1 O LORD, my God, most earnestly
I seek your holy face,
within your house again to see
the glories of your grace.
Apart from you I long and thirst,
and naught can satisfy;
I wander in a desert land
where all the streams are dry.
2 The loving-kindness of my God
is more than life to me,
so I will praise you all my days
and pray continually.
In you my soul is satisfied,
my darkness turns to light,
and joyful meditations fill
the watches of the night.
3 Beneath the shadow of your wings
I sing my joy and praise.
Your right hand is my strong support
through troubled nights and days.
All those who seek my life will fall;
my life is in your hand.
God's king and people will rejoice;
in victory they will stand.
|First Line:||O LORD, my God, most earnestly|
|Title:||O LORD, My God, Most Earnestly|
|Topic:||Evening; Lord's Supper; Opening of Worship|
|Source:||Psalter, 1912; Psalter Hymnal, 1987, rev.|
A profession of longing for God when hindered by enemies from communing with God at the temple.
st. 1 = vv. 1-2
st. 2 = vv. 3-6
st. 3= vv. 7-11
Like Psalm 42, Psalm 63 uses the metaphor of thirst to express the longing for security in God's presence.
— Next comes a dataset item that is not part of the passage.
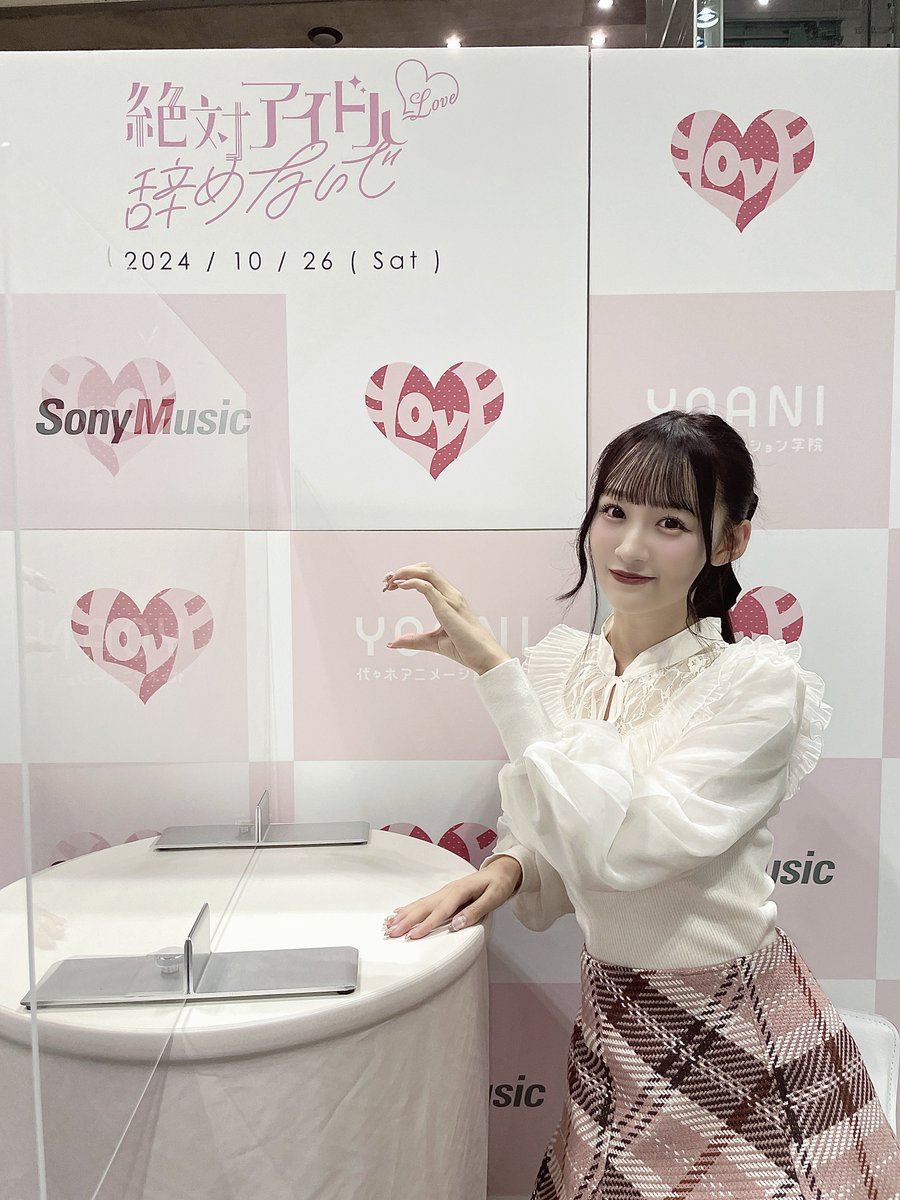ツーショット撮影会ありがとう〜 思い出がまた1つ増えて嬉しいね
Traditionally ascribed to David "when he was in the Desert of Judah," this song expresses the psalmist's yearning for God while forced to wander "in a desert land" far from the LORD's sanctuary (st. 1; see also Ps. 84). There the psalmist thinks of God's soul-satisfying love through "the watches of the night" (st. 2) and of the sense of security he enjoys from God's sheltering wings (st. 3). Though explicit mention of the king (v. 11; st. 3) identifies the speaker as the LORD's anointed, and references to enemies (vv. 9-10; st. 3) suggest that they are the ones who have forced the king from the temple, Christians can sing this psalm today whenever we yearn for the security that only God provides. The versification comes from the 1912 Psalter; with alterations mainly in stanza 3.
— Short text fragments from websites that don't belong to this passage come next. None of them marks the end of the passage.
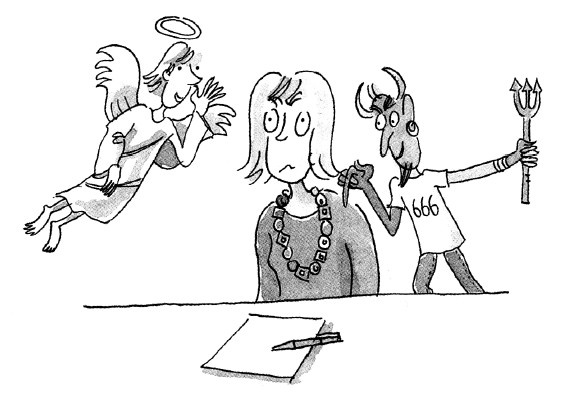 Иллюстрация к книге — Что делать, когда не знаешь что делать [i_015.jpg]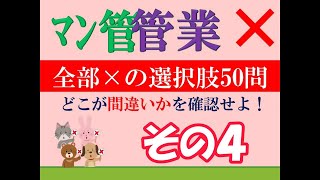 【マン管・管業】令和６年度試験対策特別編 全部× その４ [upl. by Chet]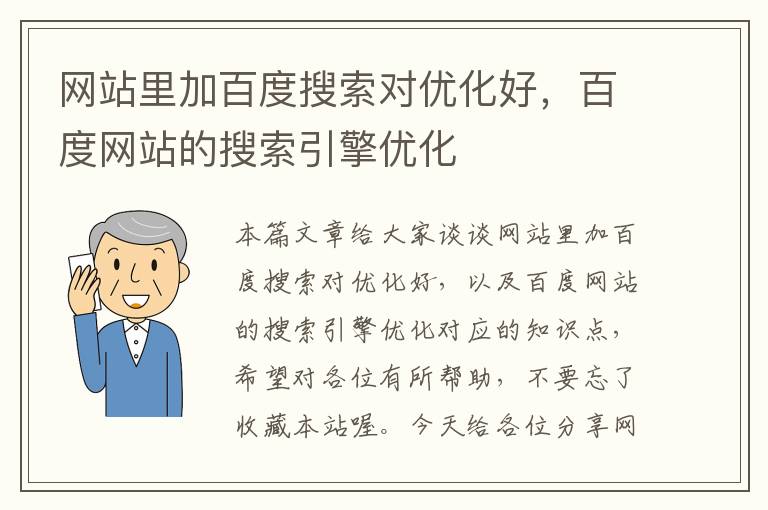 网站里加百度搜索对优化好，百度网站的搜索引擎优化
Preserved in the early church for use in daily public prayers, this psalm fits well at the beginning of worship or whenever the church seeks to express its longing for God's presence and saving power.
--Psalter Hymnal Handbook
George Coles Stebbins (b. East Carlton, NY, 1846; d. Catskill, NY, 1945) composed THE GREEN HILL in 1877 to accompany Cecil F. Alexander's hymn “There Is a Green Hill Far Away.” The tune was published in Gospel Hymns No.3 (1878). The slow harmonic rhythm and mostly stepwise melody build to a climax in the last line. This music bears an animated tempo, but organists must be sure to tie over many of the bass tones.
Stebbins grew up on a farm and attended a small country school. At the age of thirteen he enrolled in a singing school and became so enthralled with music that he decided to make it his career. In 1869 he moved to Chicago, where he worked at the Lyon and Healy Music Company and became music director at the First Baptist Church. There he also became acquainted with famous gospel musicians Root (PHH 93), Bliss (PHH 479), and Sankey (PHH 73). In 1874 he moved to Boston and became music director of the Clarendon Baptist Church and later of Tremont Temple Baptist Church.
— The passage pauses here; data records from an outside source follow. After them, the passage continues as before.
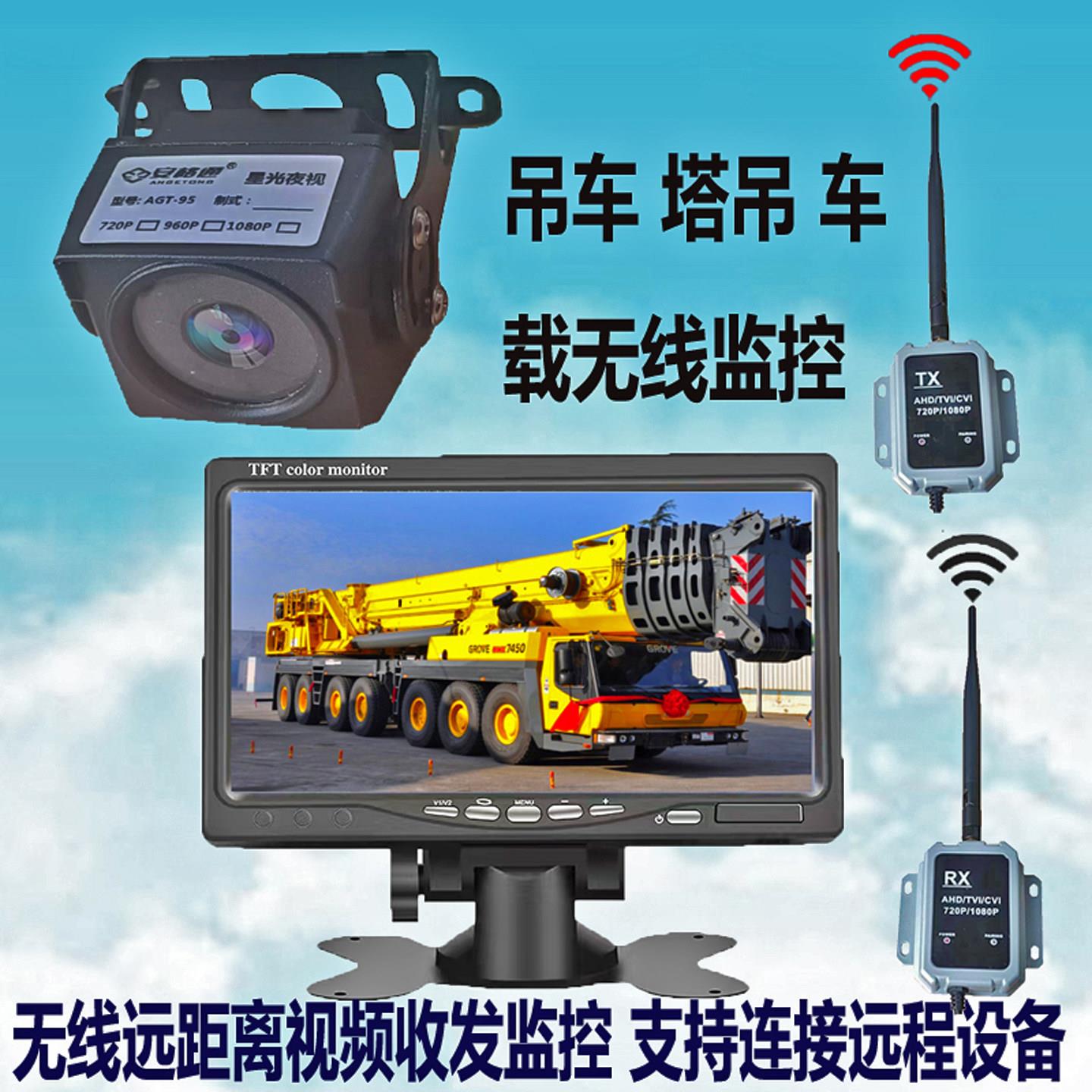 车载摄像头吊车无线监控汽车货挂车倒车全影像后视防水1080P12V24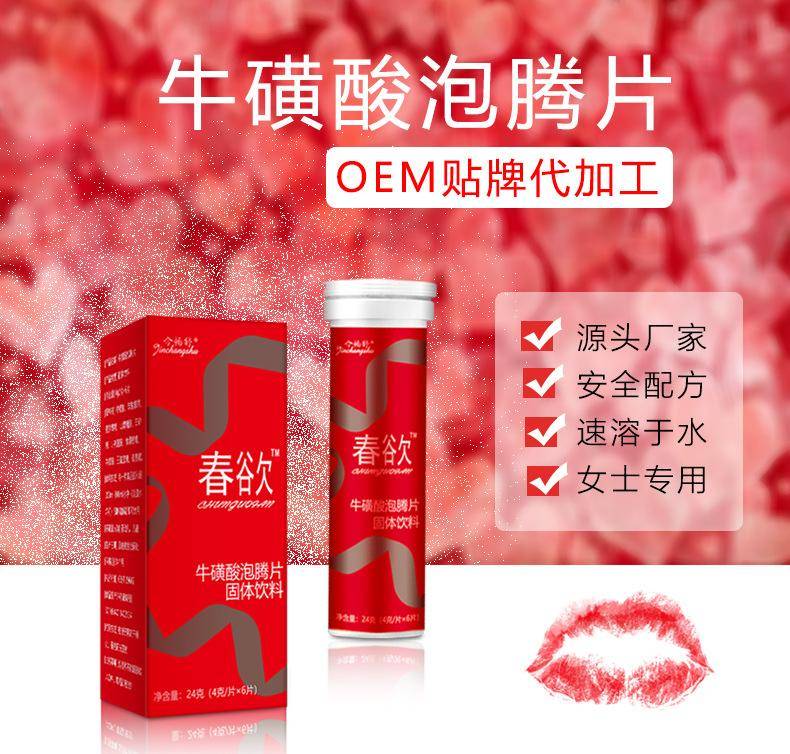 上海某大学男生向女生杯中投放牛磺酸泡腾片有办法根治问题吗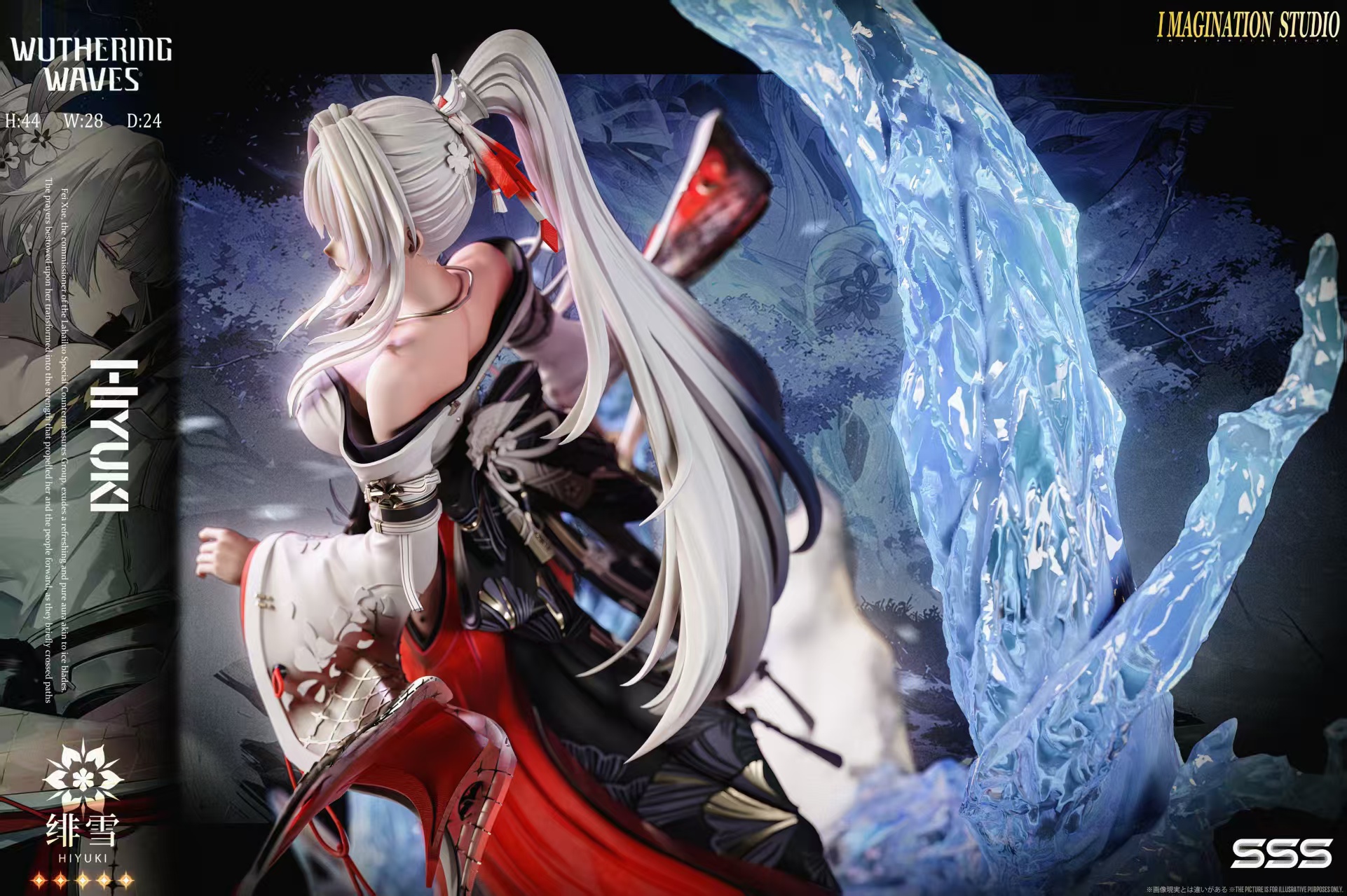 【預購】鳴潮 單人物雕像-緋雪 X Imagination(YY)8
Associated with Dwight L. Moody and Ira D. Sankey from 1876 until 1899, Stebbins traveled on their evangelism campaigns throughout England and the United States as well as in India, Egypt, and Palestine. Along with Sankey and McGranahan, he edited and published three editions of Gospel Hymns (1878-1891). He also edited The Northfield Hymnal (1904) for Moody's Bible Conference in Massachusetts. Stebbins composed some fifteen hundred songs, many of them under the pseudonym "George Coles." His Reminiscences and Gospel Hymn Stories (1924) are a helpful account of gospel music in the urban revivals of the late nineteenth century.